DATASET
━━━━━━━━━━

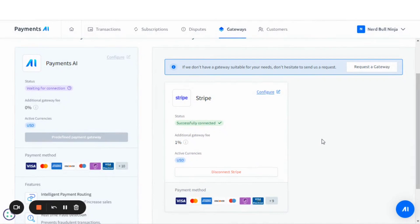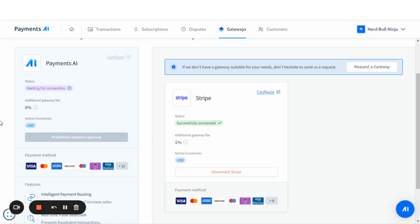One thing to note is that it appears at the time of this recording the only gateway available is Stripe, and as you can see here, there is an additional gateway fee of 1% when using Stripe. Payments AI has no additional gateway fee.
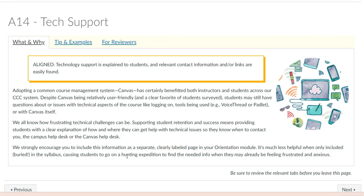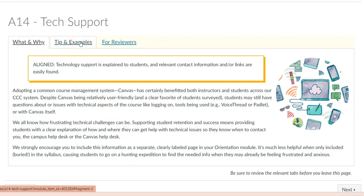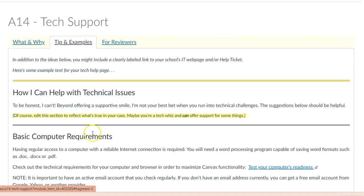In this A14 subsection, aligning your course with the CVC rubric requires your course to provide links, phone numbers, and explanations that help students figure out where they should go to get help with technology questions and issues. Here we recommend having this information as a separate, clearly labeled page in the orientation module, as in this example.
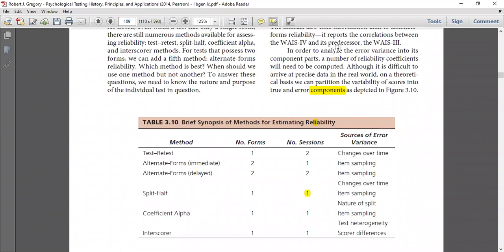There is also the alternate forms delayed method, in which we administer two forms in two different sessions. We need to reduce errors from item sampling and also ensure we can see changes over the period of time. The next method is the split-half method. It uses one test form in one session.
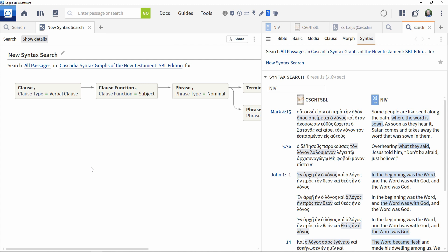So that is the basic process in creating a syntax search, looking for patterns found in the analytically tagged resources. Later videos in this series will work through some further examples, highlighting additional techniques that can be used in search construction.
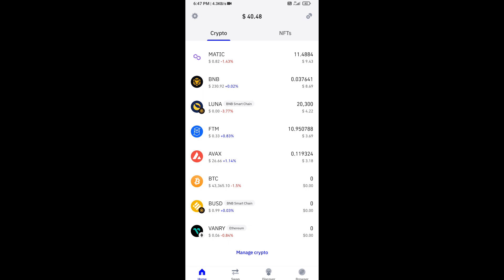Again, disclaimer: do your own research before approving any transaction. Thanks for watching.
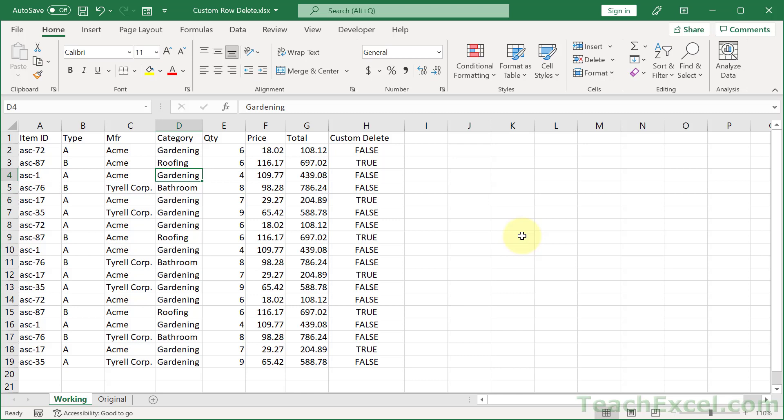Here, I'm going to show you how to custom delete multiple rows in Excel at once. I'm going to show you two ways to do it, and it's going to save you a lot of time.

━━━━━━━━━━

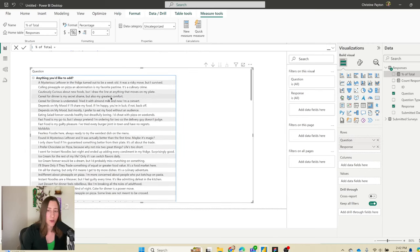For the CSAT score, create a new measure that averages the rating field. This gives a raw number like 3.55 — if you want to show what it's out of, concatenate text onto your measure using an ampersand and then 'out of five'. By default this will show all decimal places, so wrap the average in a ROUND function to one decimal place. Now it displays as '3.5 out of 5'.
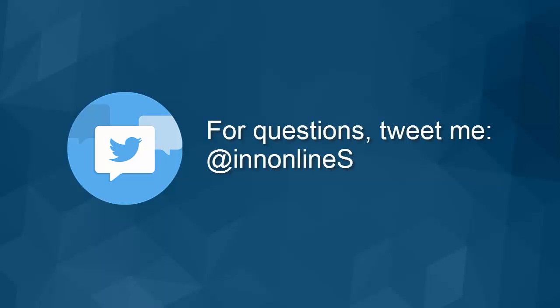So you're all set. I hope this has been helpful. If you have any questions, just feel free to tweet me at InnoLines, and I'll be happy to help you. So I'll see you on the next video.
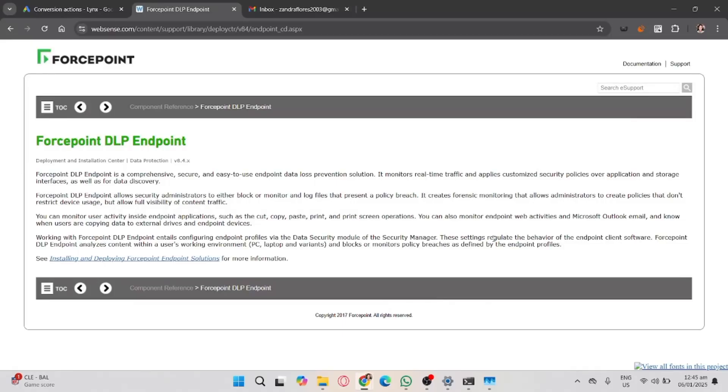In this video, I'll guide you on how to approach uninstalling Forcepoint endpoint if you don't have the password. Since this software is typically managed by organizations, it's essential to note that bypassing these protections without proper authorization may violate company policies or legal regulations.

━━━━━━━━━━

WORK ITEM
Exactly as written above, retype the lines starting at the one holding "Again, disclaimer: do" and ending at the one holding "Here, I'm going", both included, but not the pictures.

SOLVED EXERCISE
Again, disclaimer: do your own research before approving any transaction. Thanks for watching.
Here, I'm going to show you how to custom delete multiple rows in Excel at once. I'm going to show you two ways to do it, and it's going to save you a lot of time.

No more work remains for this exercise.